SAJAN Koch (matematikawan) termasuk di antara orang yang merancang sendiri rumahnya dengan tradisi masa lalu, tatkala membutuhkan rumah bagi keluarganya di kawasan Kemang, Jakarta Selatan.

Hasil dari banyak perjalanan keliling ke seluruh pelosok Indonesia menyadarkannya bahwa kemungkinan membuat suatu rumah, yang sebelumnya hanya berbinar-binar di dalam mimpi, bisa diwujudkan. Perjalanan ke Muntilan menghadapkan ia pada kerajinan batu volkanik yang luar biasa halus. Perjalanan ke Jepara mempertemukan ia dengan tangan-tangan terampil dalam mengolah segala sesuatu yang dibuat dari kayu.

Perjalanan ke Lombok meninggalkan kenangan dengan para perajin gerabah yang unik. Di samping itu, kunjungannya ke candi-candi di Jawa Tengah dan Jawa Timur menguatkan keyakinan bahwa keterampilan membangun pernah ada di dua provinsi itu, dan tetap ada, melalui jalur keturunan yang bisa digali lagi. Semua bahan dan keterampilan tersebut dimanfaatkan untuk memperindah rancangan rumah tinggalnya. Pemahat batu ia manfaatkan keterampilannya untuk membuat umpak (Gambar 1) tiang-tiang dari kayu jati yang bagian kepalanya diukir dengan indah oleh perajin ukiran dari Jepara (Gambar 2).

Sementara sebagian lantai rumahnya dengan pola unik dibuat perajin gerabah dari daerah Lombok (Gambar 3). Ini menjadi sentuhan penting dalam membuat house menjadi home. Namun, ini dilakukan dengan saksama dan mengikuti pola-pola dasar dekorasi yang telah ditetapkan sebelumnya. Pola-pola dekorasi ini merupakan hasil pengalaman visual dari perjalannya ke pelosok-pelosok Nusantara dan studi perpustakaan yang tersedia. Mungkin peran sang istri, Claire L Koch, sangat dominan karena dekorasi lebih banyak membutuhkan sentuhan feminin.

Dari banyak menempuh perjalanan itu, ia menyimpulkan bahwa sebagian besar penduduk Indonesia membuat rumahnya dalam aturan yang dibakukan. Pola pembagian ruang telah terbentuk menyesuaikan dan memanfaatkan iklim di negeri kita, bahkan pola pembagian halaman pun telah melembaga, seperti di Bali.

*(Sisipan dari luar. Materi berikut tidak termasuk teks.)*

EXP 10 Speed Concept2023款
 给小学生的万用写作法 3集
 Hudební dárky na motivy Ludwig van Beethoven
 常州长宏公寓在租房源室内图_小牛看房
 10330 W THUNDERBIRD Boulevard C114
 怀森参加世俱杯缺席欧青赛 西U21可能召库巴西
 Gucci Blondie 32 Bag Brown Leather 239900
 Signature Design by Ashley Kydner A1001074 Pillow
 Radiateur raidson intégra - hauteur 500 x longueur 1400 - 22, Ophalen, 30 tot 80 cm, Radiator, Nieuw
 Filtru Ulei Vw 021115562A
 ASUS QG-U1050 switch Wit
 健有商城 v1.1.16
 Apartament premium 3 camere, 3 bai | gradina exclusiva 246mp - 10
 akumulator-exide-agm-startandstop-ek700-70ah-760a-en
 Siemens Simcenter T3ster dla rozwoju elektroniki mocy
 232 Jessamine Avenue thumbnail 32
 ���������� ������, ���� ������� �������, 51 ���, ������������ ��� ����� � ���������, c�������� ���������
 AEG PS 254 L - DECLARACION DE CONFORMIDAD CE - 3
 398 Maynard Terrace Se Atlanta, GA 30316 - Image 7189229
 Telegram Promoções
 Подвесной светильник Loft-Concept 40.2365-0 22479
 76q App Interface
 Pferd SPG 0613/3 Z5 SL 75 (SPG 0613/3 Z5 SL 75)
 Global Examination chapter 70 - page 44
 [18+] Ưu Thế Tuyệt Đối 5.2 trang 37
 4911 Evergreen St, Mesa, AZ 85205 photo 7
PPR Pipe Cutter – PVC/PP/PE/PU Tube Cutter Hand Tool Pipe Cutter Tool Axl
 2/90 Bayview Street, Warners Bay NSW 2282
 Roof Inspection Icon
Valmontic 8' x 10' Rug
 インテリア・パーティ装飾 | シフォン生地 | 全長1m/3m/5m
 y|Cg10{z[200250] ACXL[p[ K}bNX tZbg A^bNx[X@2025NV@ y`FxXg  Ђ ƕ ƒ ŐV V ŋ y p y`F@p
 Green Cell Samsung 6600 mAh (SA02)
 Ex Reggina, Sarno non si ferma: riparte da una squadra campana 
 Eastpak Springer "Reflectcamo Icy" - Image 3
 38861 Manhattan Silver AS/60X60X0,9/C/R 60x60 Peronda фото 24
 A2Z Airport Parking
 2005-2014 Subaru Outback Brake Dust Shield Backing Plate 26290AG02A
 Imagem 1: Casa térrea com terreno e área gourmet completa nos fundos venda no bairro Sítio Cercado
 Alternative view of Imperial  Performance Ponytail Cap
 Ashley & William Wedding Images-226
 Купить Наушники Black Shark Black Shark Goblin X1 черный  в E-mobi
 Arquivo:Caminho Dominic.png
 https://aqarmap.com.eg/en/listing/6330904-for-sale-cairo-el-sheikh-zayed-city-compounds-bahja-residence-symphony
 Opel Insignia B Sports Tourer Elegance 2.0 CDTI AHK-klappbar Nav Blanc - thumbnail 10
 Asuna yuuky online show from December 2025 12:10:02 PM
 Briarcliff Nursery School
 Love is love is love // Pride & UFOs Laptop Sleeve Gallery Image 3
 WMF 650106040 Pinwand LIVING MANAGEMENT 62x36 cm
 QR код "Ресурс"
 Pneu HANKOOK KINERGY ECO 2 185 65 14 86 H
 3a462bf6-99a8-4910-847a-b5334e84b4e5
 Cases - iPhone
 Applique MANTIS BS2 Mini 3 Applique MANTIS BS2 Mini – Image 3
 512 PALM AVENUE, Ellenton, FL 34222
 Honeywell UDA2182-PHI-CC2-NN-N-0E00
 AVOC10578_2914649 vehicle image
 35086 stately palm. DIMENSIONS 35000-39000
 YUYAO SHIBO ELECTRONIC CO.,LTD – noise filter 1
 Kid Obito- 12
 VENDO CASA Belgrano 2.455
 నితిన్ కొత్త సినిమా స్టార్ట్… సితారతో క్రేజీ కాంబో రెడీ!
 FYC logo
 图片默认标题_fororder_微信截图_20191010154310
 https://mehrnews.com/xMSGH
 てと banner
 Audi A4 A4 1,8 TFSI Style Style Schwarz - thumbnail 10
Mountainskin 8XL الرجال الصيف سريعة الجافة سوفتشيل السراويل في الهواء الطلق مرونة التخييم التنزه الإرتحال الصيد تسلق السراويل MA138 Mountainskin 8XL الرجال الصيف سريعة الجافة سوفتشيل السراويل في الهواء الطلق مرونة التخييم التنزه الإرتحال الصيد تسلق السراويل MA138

Sistem konstruksi juga demikian. Umumnya setiap daerah telah memiliki tata bangun yang baku. Salah satu hal yang menjadi perhatian Sajan Koch dalam hal konstruksi bangunan adalah rumah panggung.

Ternyata rumah panggung mempunyai beberapa keuntungan, di antaranya, pertama memberi pemandangan yang baik. Kedua, membuat suhu rumah menjadi lebih nyaman karena aliran angin lebih sedikit hambatannya dari luar rumah. Ketiga, memberi perasaan psikologis lebih aman dan lebih unggul dari posisi wilayah publik di luar rumah yang lebih rendah lantainya. Keempat, jauh dari bising dan debu jalan

Oleh karena itu, pada tahap awal ia telah menetapkan bahwa rumahnya kelak akan mengikuti pola konstruksi rumah panggung. Namun, tentu saja pola rumah panggung itu harus diadaptasikan dan dikembangkan ke pola kehidupannya di kota.

Selain itu, masih ada dua tahap pemikiran lagi dalam meletakan dasar-dasar konsep rumah tinggalnya.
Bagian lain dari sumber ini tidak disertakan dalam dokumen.